Friday, July 1, 2011

Made Elsewhere? Everything But Corporatocracy

If there’s one thing President Barack Obama does well, it’s talk (as long as his teleprompter is handy). On Tuesday, as part of his never ending re-election campaign, Obama spouted more empty rhetoric from a manufacturing plant in Bettendorf, Iowa.
“You had to up your game,” Obama said to the workers. “And that’s what we’ve got to do as a country as a whole. I want the cars and planes and wind turbines of the future to bear the proud stamp that says ‘Made in America.’”
It all sounds good, if only he really meant it. But as long as the Federal tax code, Obama and the agencies he oversees — Environmental Protection Agency, National Labor Relations Board, Food and Drug Administration and Department of Agriculture in particular — and the Obamacare healthcare law continue to overregulate small business and stifle entrepreneurism, “Made in America” will be supplanted by “Made Elsewhere.”
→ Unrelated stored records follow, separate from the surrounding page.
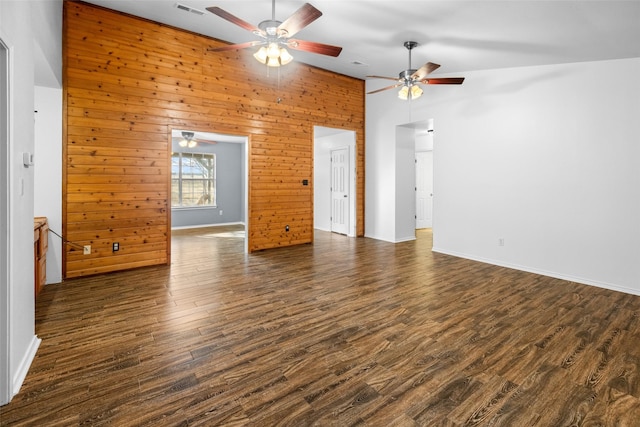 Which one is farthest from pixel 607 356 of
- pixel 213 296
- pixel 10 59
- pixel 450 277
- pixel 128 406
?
pixel 10 59

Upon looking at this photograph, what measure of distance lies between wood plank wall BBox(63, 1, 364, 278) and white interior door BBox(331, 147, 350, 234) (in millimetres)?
1809

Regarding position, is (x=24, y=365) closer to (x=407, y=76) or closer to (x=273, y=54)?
(x=273, y=54)

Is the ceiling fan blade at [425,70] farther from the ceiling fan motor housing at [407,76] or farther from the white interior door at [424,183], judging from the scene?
the white interior door at [424,183]

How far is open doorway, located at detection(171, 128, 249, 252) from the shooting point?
9.17 m

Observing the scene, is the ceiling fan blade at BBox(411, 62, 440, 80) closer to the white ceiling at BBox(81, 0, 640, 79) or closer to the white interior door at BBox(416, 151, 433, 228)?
the white ceiling at BBox(81, 0, 640, 79)

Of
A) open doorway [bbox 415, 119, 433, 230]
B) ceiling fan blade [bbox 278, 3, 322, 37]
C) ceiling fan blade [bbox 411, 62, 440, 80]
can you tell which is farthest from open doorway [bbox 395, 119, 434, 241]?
ceiling fan blade [bbox 278, 3, 322, 37]

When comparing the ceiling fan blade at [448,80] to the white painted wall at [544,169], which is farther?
the ceiling fan blade at [448,80]

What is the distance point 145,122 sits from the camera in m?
4.81

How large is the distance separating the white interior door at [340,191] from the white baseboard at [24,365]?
19.9 ft

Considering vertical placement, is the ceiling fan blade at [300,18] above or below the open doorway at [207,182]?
above

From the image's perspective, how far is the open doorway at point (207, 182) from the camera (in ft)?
30.1

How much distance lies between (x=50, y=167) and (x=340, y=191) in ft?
18.0

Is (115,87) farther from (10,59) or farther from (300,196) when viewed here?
(300,196)

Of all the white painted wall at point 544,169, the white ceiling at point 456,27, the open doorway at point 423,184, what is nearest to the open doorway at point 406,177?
the white painted wall at point 544,169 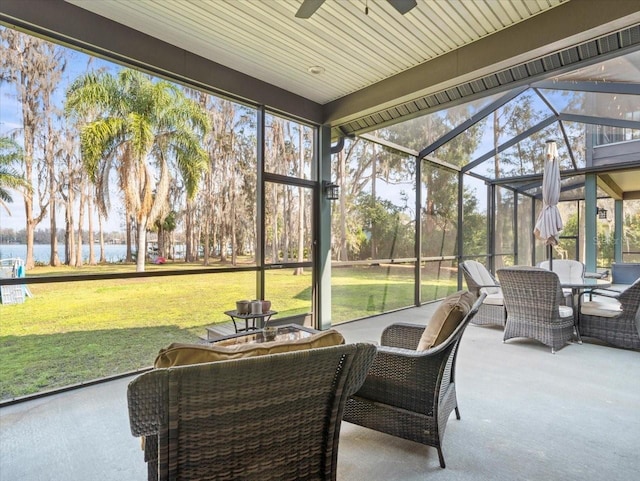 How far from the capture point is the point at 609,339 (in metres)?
4.40

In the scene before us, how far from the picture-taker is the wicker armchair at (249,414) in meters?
1.16

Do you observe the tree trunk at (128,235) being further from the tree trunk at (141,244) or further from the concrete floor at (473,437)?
the concrete floor at (473,437)

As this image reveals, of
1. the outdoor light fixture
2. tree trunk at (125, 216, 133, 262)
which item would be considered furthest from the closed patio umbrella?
tree trunk at (125, 216, 133, 262)

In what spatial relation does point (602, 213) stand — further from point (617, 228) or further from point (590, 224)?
point (590, 224)

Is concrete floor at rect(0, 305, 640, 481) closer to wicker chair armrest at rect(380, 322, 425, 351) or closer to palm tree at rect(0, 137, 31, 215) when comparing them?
wicker chair armrest at rect(380, 322, 425, 351)

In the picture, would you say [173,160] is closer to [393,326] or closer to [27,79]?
[27,79]

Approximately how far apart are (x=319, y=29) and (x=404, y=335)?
9.54 ft

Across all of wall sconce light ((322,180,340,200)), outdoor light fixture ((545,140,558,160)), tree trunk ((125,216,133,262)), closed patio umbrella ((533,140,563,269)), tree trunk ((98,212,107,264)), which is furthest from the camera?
outdoor light fixture ((545,140,558,160))

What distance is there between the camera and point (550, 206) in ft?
18.7

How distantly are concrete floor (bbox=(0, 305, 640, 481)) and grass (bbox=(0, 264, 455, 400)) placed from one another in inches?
11.0

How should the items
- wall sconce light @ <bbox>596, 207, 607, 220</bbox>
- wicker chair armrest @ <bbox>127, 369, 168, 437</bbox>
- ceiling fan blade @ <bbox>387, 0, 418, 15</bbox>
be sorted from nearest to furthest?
wicker chair armrest @ <bbox>127, 369, 168, 437</bbox>
ceiling fan blade @ <bbox>387, 0, 418, 15</bbox>
wall sconce light @ <bbox>596, 207, 607, 220</bbox>

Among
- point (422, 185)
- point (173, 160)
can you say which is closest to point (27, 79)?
point (173, 160)

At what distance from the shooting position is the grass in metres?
3.06

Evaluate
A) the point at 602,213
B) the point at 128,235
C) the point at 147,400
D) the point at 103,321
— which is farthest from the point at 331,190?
the point at 602,213
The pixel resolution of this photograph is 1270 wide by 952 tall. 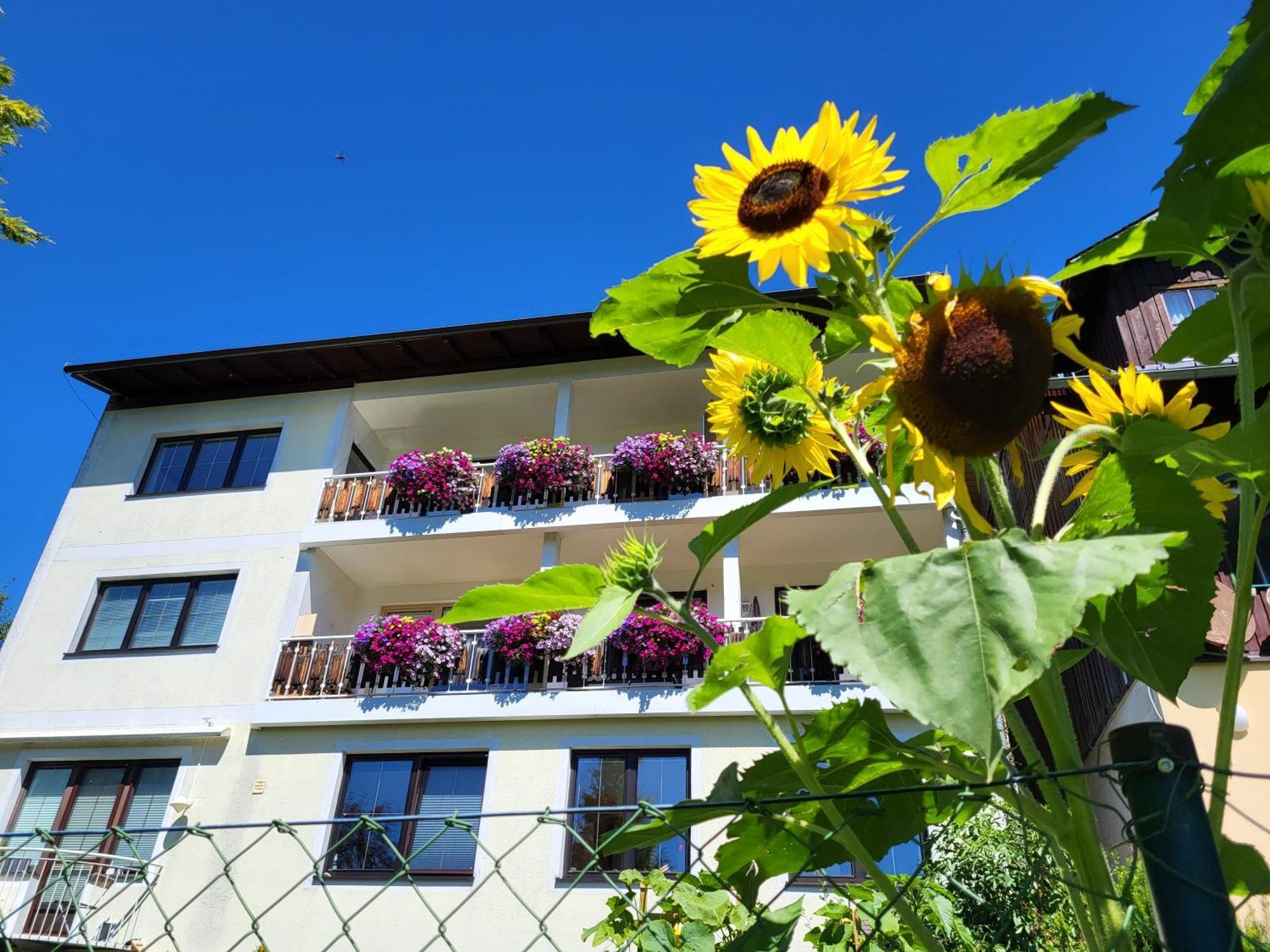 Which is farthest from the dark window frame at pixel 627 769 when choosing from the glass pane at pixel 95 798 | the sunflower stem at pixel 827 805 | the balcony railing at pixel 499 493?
the sunflower stem at pixel 827 805

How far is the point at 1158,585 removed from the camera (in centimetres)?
79

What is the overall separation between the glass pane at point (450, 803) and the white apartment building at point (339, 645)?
3 cm

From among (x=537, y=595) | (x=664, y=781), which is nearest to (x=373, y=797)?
(x=664, y=781)

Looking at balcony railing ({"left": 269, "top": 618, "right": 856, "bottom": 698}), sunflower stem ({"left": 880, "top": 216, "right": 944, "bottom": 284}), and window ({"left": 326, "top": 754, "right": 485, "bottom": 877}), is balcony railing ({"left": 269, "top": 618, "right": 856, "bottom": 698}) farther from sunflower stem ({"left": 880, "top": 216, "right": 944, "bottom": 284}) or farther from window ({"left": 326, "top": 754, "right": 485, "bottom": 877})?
sunflower stem ({"left": 880, "top": 216, "right": 944, "bottom": 284})

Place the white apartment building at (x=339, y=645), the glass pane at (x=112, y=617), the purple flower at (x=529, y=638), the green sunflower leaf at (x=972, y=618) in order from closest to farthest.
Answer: the green sunflower leaf at (x=972, y=618) < the white apartment building at (x=339, y=645) < the purple flower at (x=529, y=638) < the glass pane at (x=112, y=617)

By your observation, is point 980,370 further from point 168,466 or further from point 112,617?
point 168,466

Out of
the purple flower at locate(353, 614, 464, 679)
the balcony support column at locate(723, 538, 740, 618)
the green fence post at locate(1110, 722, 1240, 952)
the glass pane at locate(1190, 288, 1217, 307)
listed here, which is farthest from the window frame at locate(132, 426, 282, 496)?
the green fence post at locate(1110, 722, 1240, 952)

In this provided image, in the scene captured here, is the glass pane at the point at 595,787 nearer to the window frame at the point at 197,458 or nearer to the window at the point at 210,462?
the window frame at the point at 197,458

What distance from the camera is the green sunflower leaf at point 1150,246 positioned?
86 cm

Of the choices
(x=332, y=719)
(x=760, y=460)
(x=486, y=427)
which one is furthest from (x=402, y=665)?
(x=760, y=460)

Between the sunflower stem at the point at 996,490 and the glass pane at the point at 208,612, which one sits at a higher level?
the glass pane at the point at 208,612

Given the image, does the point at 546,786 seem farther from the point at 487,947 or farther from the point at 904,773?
the point at 904,773

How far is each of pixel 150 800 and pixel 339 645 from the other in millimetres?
2607

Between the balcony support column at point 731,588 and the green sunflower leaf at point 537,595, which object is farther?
the balcony support column at point 731,588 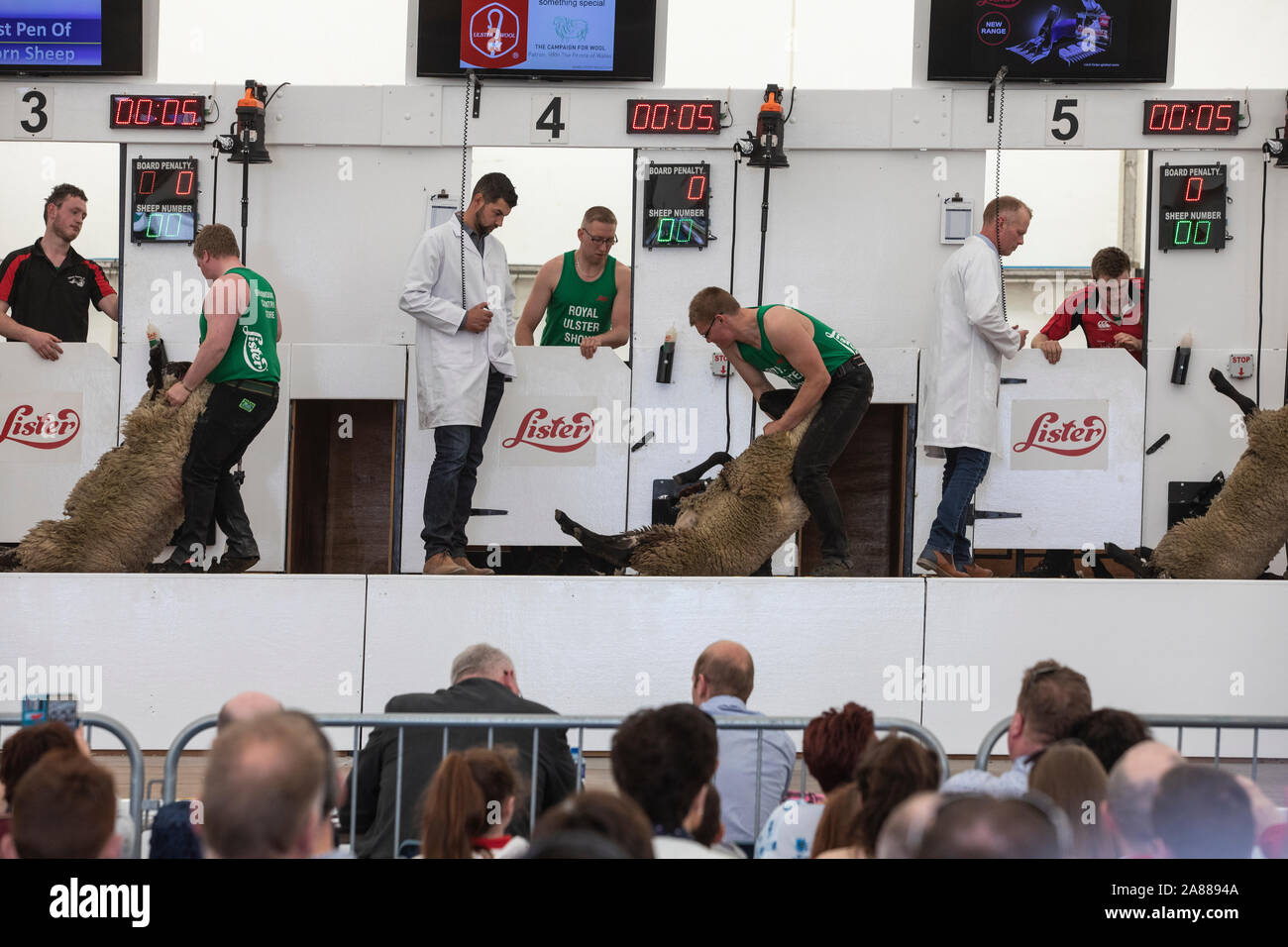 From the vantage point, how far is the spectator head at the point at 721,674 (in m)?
3.78

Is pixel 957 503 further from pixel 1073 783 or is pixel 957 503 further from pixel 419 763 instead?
pixel 1073 783

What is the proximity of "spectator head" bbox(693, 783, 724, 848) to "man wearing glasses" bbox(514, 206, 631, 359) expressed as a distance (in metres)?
4.66

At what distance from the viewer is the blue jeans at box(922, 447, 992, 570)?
231 inches

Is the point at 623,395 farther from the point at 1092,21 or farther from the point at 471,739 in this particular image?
the point at 471,739

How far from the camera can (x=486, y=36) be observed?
24.0 feet

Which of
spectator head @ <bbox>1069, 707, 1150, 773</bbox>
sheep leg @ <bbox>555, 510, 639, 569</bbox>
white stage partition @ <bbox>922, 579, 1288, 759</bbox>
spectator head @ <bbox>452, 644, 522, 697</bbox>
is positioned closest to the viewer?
spectator head @ <bbox>1069, 707, 1150, 773</bbox>

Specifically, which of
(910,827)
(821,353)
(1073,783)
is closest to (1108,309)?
(821,353)

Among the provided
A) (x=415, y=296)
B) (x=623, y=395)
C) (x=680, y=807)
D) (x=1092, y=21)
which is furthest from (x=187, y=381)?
(x=1092, y=21)

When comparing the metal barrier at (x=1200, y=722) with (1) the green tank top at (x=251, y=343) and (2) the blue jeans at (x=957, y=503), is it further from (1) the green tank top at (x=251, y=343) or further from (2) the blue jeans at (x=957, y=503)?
(1) the green tank top at (x=251, y=343)

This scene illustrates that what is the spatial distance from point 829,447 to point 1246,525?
186 centimetres

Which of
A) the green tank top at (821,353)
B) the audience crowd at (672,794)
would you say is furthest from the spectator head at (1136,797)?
the green tank top at (821,353)

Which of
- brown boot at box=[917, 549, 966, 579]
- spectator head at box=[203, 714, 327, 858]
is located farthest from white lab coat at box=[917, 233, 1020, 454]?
spectator head at box=[203, 714, 327, 858]

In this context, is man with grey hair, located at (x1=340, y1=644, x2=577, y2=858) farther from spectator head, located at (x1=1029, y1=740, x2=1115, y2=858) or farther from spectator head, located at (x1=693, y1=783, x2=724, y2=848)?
spectator head, located at (x1=1029, y1=740, x2=1115, y2=858)

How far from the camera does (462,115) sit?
738cm
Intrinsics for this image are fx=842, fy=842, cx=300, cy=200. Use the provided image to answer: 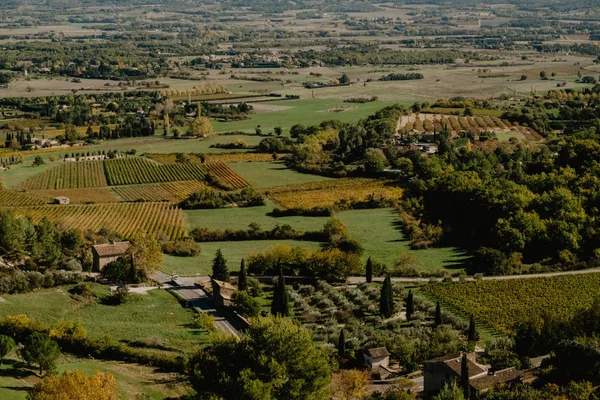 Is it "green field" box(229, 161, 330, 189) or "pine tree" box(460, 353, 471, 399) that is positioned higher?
"pine tree" box(460, 353, 471, 399)

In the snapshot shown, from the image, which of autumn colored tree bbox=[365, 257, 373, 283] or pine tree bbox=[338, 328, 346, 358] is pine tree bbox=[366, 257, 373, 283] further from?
pine tree bbox=[338, 328, 346, 358]

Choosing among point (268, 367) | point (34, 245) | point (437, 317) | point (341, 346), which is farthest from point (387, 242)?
point (268, 367)

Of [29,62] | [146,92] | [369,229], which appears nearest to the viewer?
[369,229]

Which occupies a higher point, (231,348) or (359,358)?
(231,348)

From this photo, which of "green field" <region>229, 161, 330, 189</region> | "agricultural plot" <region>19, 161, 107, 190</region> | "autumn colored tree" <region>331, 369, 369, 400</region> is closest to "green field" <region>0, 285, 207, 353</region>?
"autumn colored tree" <region>331, 369, 369, 400</region>

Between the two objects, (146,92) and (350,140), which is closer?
(350,140)

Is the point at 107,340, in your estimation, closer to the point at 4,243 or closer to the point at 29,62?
the point at 4,243

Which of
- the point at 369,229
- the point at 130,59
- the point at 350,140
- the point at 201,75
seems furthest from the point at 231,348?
the point at 130,59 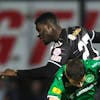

And what is particularly egregious is that multinational corporations continue to enjoy tremendous tax breaks that encourage them to take their manufacturing oversees while they enjoy their seats at the table of corporatocracy.
Talk is cheap, and knocking down corporatocracy would be expensive for Obama and the political elites — Republican and Democrat alike — that feed at that trough. But if Obama truly wanted to put Americans back to work creating cars, planes, ridiculous and inefficient wind turbines and thousands of other items, he would quit talking, start reining in those anti-business government agencies and regulations, and end the subsidies that encourage companies to take their manufacturing elsewhere.